What you have to do: Only one stretch of the data is wanted: the line containing "Usata Mercedes B180", the line containing "Peachez and Screamz actrice de nus galeries", and every line between them, copied exactly.

Extracted data entries:
________________________________________

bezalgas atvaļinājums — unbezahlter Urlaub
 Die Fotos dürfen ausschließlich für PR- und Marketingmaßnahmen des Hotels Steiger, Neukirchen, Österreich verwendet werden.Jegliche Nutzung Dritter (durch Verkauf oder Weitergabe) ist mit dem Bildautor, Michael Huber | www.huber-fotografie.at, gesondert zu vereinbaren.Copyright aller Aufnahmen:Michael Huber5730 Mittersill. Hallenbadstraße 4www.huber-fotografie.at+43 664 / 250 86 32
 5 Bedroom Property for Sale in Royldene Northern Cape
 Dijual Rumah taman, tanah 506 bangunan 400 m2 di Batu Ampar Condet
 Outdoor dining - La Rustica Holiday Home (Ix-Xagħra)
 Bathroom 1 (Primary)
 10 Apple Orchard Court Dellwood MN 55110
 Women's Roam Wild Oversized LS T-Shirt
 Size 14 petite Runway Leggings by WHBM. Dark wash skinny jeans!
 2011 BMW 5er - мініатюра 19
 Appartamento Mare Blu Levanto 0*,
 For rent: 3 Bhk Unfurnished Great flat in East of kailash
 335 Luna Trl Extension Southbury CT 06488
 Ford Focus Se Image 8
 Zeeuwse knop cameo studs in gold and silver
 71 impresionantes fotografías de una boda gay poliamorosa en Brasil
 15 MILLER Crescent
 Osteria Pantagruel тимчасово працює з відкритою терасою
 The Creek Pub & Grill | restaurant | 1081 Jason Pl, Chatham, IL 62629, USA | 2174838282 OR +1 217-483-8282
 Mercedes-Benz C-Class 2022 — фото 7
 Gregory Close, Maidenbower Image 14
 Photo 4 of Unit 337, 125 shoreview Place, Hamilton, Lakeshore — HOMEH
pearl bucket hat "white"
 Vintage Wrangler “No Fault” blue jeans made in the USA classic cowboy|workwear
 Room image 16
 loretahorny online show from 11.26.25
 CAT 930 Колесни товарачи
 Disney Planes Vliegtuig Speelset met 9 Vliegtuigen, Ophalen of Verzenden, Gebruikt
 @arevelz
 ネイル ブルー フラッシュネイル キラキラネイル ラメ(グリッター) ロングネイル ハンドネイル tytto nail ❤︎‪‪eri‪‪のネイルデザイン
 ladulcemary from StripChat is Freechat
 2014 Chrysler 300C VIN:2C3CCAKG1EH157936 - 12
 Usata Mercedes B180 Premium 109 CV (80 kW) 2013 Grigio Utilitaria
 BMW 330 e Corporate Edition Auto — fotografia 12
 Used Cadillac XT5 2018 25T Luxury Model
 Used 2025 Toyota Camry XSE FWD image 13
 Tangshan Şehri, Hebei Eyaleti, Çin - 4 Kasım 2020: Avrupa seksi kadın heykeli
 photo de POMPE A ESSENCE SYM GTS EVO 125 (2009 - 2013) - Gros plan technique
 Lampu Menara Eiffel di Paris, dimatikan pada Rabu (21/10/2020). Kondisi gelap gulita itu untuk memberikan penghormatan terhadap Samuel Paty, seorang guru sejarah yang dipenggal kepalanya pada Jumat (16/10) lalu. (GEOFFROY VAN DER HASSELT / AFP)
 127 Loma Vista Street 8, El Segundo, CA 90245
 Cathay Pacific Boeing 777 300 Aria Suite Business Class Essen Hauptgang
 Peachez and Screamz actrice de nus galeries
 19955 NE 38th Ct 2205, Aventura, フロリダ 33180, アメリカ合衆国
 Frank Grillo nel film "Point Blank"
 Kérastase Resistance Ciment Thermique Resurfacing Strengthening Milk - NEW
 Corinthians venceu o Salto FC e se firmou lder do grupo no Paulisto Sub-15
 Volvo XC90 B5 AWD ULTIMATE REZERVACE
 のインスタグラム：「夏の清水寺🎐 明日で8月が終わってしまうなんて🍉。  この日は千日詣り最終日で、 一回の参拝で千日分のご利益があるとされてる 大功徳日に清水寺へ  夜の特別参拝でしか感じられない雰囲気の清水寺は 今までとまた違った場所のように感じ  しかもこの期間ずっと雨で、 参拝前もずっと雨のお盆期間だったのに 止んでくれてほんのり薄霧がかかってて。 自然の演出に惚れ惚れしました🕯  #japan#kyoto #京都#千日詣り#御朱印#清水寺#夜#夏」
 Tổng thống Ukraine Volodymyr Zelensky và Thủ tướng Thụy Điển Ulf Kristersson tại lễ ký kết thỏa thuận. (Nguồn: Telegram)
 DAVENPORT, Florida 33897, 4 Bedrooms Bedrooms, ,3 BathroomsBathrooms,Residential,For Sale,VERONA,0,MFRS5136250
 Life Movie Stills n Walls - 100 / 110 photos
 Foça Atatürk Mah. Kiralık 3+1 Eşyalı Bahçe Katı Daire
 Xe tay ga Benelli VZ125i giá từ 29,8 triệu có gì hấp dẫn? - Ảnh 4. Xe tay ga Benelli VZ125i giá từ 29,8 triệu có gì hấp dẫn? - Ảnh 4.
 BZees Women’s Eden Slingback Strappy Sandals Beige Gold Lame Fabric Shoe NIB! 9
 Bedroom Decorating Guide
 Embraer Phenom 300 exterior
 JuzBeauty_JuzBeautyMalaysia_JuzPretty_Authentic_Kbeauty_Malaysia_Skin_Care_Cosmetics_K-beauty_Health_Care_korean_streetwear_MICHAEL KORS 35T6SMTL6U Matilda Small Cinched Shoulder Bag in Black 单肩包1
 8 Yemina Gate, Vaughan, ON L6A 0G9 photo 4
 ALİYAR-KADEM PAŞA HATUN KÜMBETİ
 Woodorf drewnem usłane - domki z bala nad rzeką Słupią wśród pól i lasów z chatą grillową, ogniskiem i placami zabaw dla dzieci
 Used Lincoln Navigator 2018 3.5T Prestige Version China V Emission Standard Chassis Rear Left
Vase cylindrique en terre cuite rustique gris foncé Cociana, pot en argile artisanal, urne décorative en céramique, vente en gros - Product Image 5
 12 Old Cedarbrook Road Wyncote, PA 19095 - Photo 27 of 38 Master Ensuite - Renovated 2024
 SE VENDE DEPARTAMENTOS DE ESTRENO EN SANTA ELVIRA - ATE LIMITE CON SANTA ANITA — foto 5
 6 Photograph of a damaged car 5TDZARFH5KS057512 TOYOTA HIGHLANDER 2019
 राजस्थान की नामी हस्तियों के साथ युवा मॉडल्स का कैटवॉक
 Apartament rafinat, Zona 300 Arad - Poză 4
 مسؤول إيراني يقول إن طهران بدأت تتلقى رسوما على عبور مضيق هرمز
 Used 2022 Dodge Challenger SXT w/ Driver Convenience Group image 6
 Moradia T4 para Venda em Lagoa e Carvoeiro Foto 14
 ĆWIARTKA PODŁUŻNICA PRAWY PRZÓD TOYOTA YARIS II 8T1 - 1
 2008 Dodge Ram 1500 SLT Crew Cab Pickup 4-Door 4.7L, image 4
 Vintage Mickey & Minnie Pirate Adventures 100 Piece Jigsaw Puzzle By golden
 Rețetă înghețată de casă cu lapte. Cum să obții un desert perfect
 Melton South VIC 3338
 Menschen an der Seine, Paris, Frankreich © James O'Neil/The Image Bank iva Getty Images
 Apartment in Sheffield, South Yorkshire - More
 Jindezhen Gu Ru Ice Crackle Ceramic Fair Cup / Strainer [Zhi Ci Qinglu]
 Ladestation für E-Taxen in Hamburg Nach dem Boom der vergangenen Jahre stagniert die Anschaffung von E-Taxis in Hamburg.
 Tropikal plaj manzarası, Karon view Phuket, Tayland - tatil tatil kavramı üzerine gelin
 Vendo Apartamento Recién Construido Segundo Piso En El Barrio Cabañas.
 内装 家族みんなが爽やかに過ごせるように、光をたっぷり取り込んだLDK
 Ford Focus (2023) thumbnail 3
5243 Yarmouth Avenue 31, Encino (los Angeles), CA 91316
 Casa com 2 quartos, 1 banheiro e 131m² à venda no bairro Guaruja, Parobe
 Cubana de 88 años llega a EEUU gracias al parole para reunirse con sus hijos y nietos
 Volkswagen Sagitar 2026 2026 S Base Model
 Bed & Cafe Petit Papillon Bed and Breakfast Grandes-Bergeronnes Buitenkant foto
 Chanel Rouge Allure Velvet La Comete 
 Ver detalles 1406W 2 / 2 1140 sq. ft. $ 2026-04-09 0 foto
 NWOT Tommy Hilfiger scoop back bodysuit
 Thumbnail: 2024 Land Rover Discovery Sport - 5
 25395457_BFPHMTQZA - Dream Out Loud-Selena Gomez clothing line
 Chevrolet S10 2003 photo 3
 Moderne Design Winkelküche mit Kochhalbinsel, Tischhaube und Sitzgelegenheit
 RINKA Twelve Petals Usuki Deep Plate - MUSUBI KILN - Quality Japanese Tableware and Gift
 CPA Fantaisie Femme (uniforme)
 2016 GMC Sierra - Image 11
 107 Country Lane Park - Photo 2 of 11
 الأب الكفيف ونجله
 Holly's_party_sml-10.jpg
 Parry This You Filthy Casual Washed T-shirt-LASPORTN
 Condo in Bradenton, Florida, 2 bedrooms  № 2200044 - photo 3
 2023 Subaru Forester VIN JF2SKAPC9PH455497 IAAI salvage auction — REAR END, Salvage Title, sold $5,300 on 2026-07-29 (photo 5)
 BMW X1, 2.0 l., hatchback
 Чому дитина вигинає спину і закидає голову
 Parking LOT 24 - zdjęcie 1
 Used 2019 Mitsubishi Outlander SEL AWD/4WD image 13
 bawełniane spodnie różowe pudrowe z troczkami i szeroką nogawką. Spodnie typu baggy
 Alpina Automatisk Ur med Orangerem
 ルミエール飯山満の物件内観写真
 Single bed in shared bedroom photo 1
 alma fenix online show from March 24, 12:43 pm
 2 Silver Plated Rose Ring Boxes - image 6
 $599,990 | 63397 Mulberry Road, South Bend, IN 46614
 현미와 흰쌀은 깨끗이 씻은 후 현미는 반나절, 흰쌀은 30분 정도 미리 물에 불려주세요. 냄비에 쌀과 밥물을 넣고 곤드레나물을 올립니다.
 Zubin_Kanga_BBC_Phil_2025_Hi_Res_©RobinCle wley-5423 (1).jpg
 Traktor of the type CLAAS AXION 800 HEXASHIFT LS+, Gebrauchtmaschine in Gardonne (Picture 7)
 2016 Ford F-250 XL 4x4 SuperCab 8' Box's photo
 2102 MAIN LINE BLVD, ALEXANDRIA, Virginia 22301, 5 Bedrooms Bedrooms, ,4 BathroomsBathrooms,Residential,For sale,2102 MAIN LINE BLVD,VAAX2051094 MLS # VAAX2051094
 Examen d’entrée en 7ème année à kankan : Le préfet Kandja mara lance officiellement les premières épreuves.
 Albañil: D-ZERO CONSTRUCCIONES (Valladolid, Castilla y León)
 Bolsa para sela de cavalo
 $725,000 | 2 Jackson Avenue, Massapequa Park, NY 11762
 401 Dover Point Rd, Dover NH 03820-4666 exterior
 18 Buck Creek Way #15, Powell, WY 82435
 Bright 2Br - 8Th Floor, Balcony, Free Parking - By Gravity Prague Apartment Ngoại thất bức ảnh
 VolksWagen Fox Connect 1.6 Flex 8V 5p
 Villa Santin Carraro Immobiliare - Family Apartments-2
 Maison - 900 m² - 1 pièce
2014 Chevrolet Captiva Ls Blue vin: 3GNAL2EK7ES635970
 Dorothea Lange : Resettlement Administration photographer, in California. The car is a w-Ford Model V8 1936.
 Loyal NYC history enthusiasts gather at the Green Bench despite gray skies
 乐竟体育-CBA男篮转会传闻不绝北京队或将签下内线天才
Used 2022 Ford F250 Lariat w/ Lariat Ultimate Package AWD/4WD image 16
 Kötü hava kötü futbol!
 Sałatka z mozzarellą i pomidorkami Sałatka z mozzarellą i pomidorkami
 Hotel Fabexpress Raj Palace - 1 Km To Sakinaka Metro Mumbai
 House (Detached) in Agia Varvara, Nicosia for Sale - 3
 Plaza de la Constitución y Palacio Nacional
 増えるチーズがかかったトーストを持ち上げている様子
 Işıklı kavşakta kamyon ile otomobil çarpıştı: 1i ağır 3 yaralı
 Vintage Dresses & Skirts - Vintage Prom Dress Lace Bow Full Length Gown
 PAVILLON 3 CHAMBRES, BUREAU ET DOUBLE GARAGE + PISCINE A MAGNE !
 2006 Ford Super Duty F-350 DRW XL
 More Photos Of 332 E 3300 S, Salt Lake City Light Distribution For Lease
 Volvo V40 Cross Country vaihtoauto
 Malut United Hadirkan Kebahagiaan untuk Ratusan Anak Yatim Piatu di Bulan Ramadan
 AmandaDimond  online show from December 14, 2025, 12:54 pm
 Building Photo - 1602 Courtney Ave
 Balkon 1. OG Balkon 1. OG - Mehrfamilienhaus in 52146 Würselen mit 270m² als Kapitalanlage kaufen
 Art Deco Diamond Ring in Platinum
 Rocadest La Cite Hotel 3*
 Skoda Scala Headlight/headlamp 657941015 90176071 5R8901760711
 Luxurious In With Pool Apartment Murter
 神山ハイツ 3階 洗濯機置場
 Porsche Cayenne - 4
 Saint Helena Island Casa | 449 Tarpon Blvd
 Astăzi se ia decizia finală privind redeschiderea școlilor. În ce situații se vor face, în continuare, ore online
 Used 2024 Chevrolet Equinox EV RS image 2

________________________________________

Exercise response:
 Usata Mercedes B180 Premium 109 CV (80 kW) 2013 Grigio Utilitaria
 BMW 330 e Corporate Edition Auto — fotografia 12
 Used Cadillac XT5 2018 25T Luxury Model
 Used 2025 Toyota Camry XSE FWD image 13
 Tangshan Şehri, Hebei Eyaleti, Çin - 4 Kasım 2020: Avrupa seksi kadın heykeli
 photo de POMPE A ESSENCE SYM GTS EVO 125 (2009 - 2013) - Gros plan technique
 Lampu Menara Eiffel di Paris, dimatikan pada Rabu (21/10/2020). Kondisi gelap gulita itu untuk memberikan penghormatan terhadap Samuel Paty, seorang guru sejarah yang dipenggal kepalanya pada Jumat (16/10) lalu. (GEOFFROY VAN DER HASSELT / AFP)
 127 Loma Vista Street 8, El Segundo, CA 90245
 Cathay Pacific Boeing 777 300 Aria Suite Business Class Essen Hauptgang
 Peachez and Screamz actrice de nus galeries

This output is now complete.